Renfield is, at times, very funny—like in an exchange of ska joke one-liners between support group members or in how director Chris McKay (The Lego Movie) faithfully sends up scenes from the 1931 Bela Lugosi Dracula. Hoult, meanwhile, keeps leaning further into comedy following roles in things like Hulu’s The Great. He has a knack for it, though he tends to play funny the same way across whatever he’s doing. Awkwafina is awkwa-fine as the cop with an over-inflated sense of justice, though it’s odd that her idea of right and wrong seems cherry-picked based on whom she likes personally or not. Parks and Rec alum Ben Schwartz is just plain bad as the heir to the crime family; Shohreh Aghdashloo as the matriarch, however, carries gravitas, brief though her scenes may be. Cage, meanwhile, for all his bluster in interviews about the film being Hoult’s thing, is at the height of his powers as the legendary movie/lit monster. Somehow, he straddles a bizarre sincerity within his over-the-top performance. Renfield is undoubtedly better when he’s on screen, unless, of course, we’re talking about the absurd gore; including a rather gruesome homage, presumably, to Mortal Kombat that we shan’t spoil here, but which made our entire audience groan, “Ohhhhhhhh!!!! Ewwww!”

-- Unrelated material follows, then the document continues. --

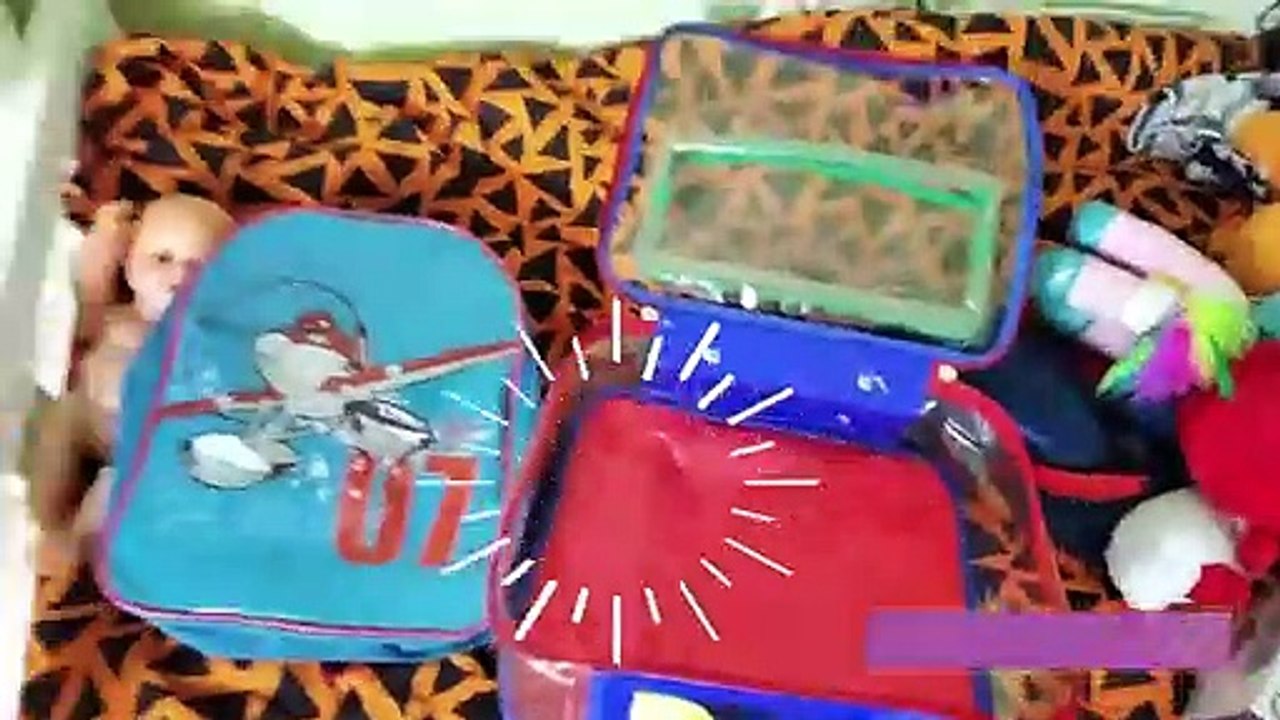 Jeux avec Ryan et Lola découvrir les couleurs_Toys and colors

And so it goes, all the way through to the predictable conclusion. Perhaps Renfield could be described as a formulaic buddy cop flick, like Lethal Weapon meets Dracula, but its players relish in its silliness, particularly under the learned craftwork of Cage. Don’t expect a transformative experience, that should be obvious, but do expect a super-fun time at the movies.

7

+Cage slays; absurd gore; silly in the right ways

-Original premise but un-original execution

Renfield

Directed by McKay

With Hoult, Cage, Awkwafina, Aghdashloo and Schwartz

Violet Crown, Regal, R, 93 min.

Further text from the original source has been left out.